Pernyataan tersebut disampaikan langsung oleh Ketua PW Ikatan Mahasiswa Wasathiyah Sumut, Fahrezi Dika Pratama, madalam keterangan persnya pada Selasa (28/7). Fahrezi menilai, ketegangan yang muncul antara legislatif dan eksekutif akhir-akhir ini berpuncak pada ketidakmampuan pimpinan eksekutif dalam menghargai kedudukan serta marwah Lembaga Legislatif.
“Kami dari PW Ikatan Mahasiswa Wasathiyah Sumut memberikan apresiasi setinggi-tingginya kepada Bung Ricky Antony atas keberaniannya mengkritisi sikap dan tindak tanduk Gubernur Sumut yang dinilai tidak menghargai Lembaga Legislatif,” ujar Fahrezi.
Soroti Etika Pemerintahan dan Usulkan “Retreat”
Lebih lanjut, Fahrezi melontarkan kritik pedas terhadap pola kepemimpinan Bobby Nasution sebagai kepala daerah. Menurutnya, dinamika tata kelola pemerintahan di tingkat Provinsi Sumatera Utara memerlukan pembenahan fundamental, bahkan menyarankan agar sang gubernur mengikuti kembali pembekalan atau retreat.

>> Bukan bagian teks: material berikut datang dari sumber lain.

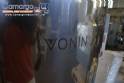 Vonin stainless steel jacketed mixing tank 100 kg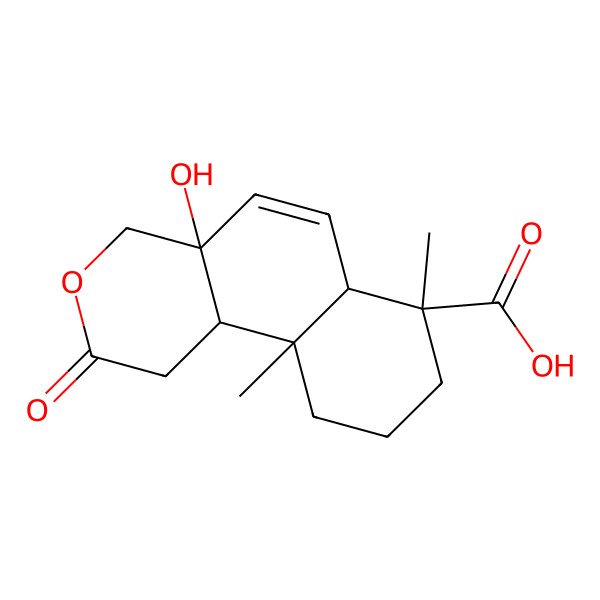 2D Structure of Oidiolactone E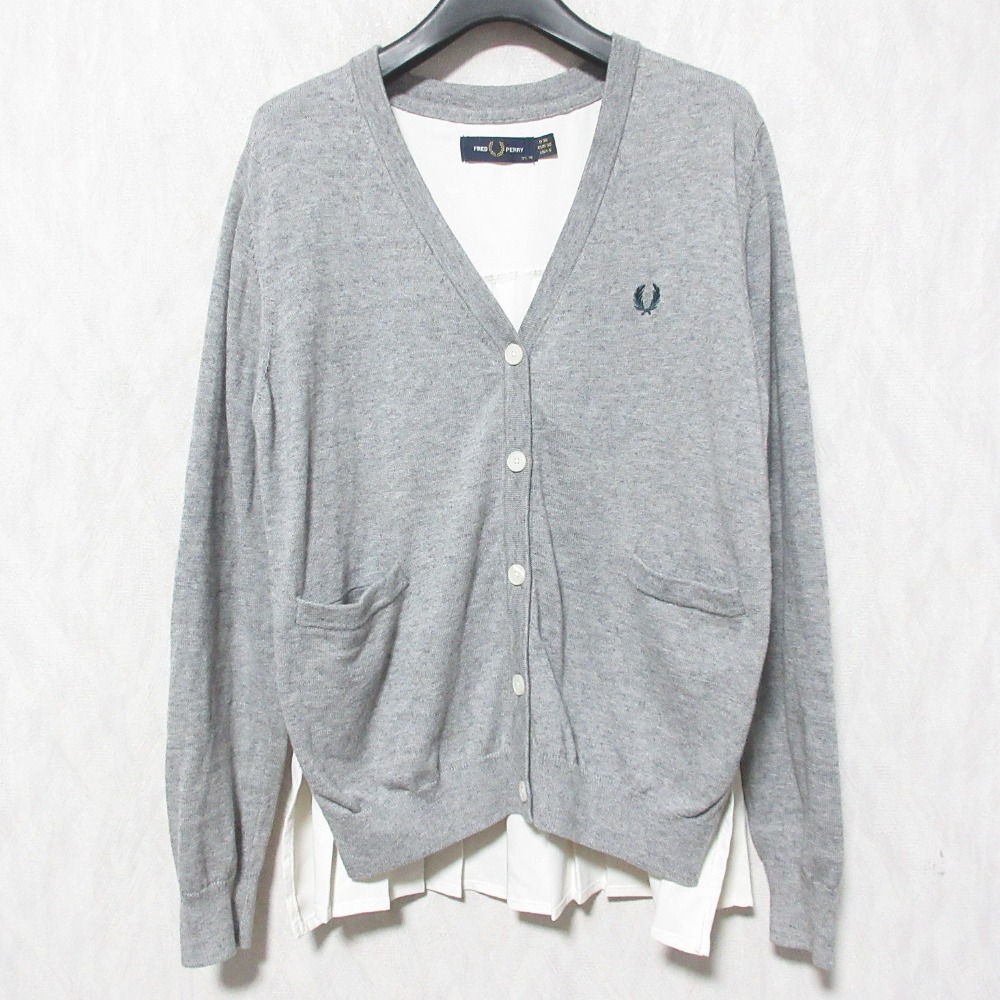 【SEAL限定商品】 楽天市場】【中古】美品 23AW 自由区 ジユウク モヘアニット カーディガン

“Gubsu Bobby Nasution perlu melakukan retreat kembali, agar benar-benar memahami sistem dan mekanisme dalam menjalankan pemerintahan yang baik dan bersih (good governance),” tegasnya.

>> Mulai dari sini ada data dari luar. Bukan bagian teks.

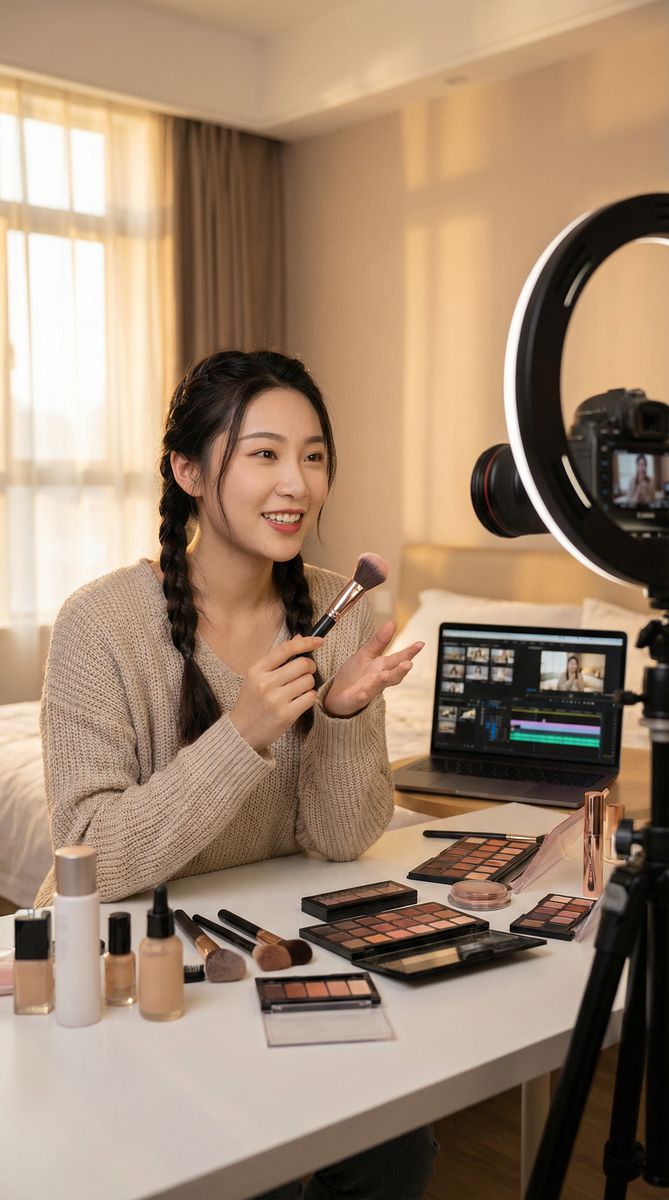 51吃瓜网美妆视频教程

Fahrezi menambahkan, kedudukan eksekutif dan legislatif dalam sistem ketatanegaraan daerah adalah mitra sejajar yang memiliki fungsi checks and balances, bukan relasi atasan dan bawahan.
DPRD Bukan Boneka Eksekutif
Dalam kesempatan yang sama, aktivis mahasiswa wasathiyah ini juga mengingatkan para wakil rakyat di Gedung Dewan agar tidak kehilangan taringnya. Ia menegaskan bahwa fasilitas dan gaji yang diterima oleh anggota DPRD bersumber dari uang rakyat, sehingga sudah sepatutnya mereka murni menyuarakan aspirasi publik.

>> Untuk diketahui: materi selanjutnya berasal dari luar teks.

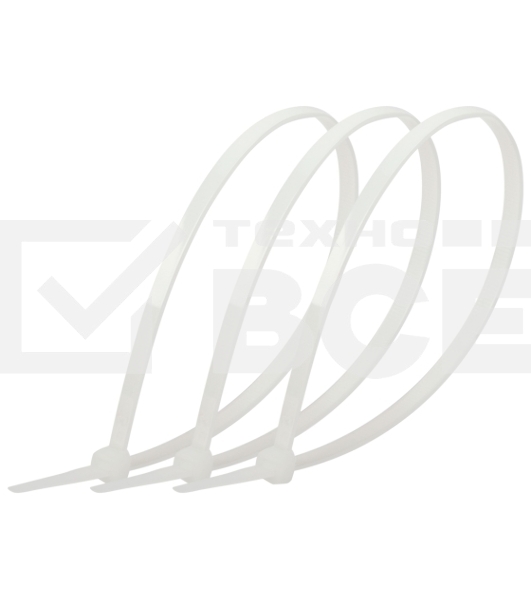 Хомут кабельный ЭРА Simple 2.5х200 NO-224-188 белый (уп. 100 шт)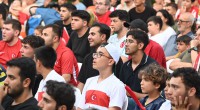 Kepez’de milli maç heyecanı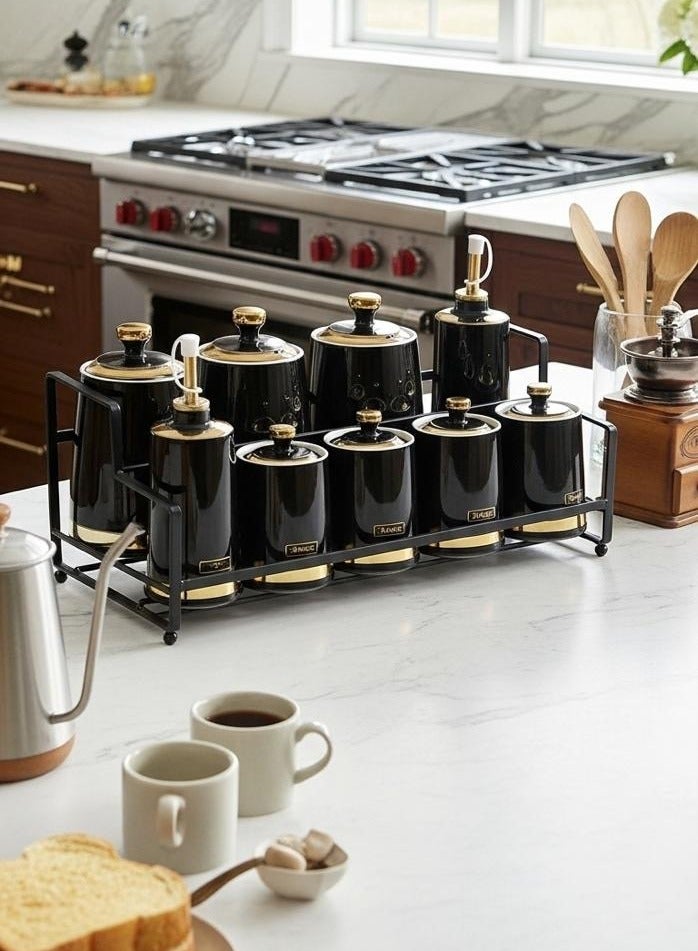 مارس كيو طقم برطمانات علب بهارات وتوابل - Image 4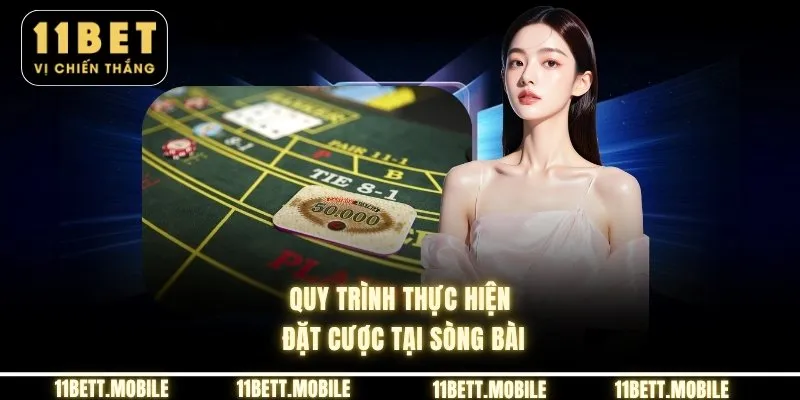 » Quy trình thực hiện đặt cược tại sòng bài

“DPR itu dibayar untuk bersuara. Justru kalau ada DPRD yang tidak bersuara, berarti mereka tidak tahu cara menjalankan fungsinya,” ucap Fahrezi dengan nada tegas.
“DPRD Sumut digaji oleh rakyat untuk bersuara, bukan digaji untuk menjadi boneka eksekutif,” tambahnya.
Sebagai bentuk konsistensi moral kaum intelektual muda, Ikatan Mahasiswa Wasathiyah Sumut menyatakan siap berdiri di barisan depan untuk mengawal fungsi pengawasan legislatif dari segala bentuk intervensi eksekutif yang mencederai prinsip demokrasi di Bumi Lancang Kuning maupun tanah Batak.
“Maka dengan ini, kami Ikatan Mahasiswa Wasathiyah Sumut menegaskan dukungan dan apresiasi penuh kepada Ricky Antony dalam mengkritisi Gubsu Bobby demi tegaknya marwah rakyat,” pungkas Fahrezi.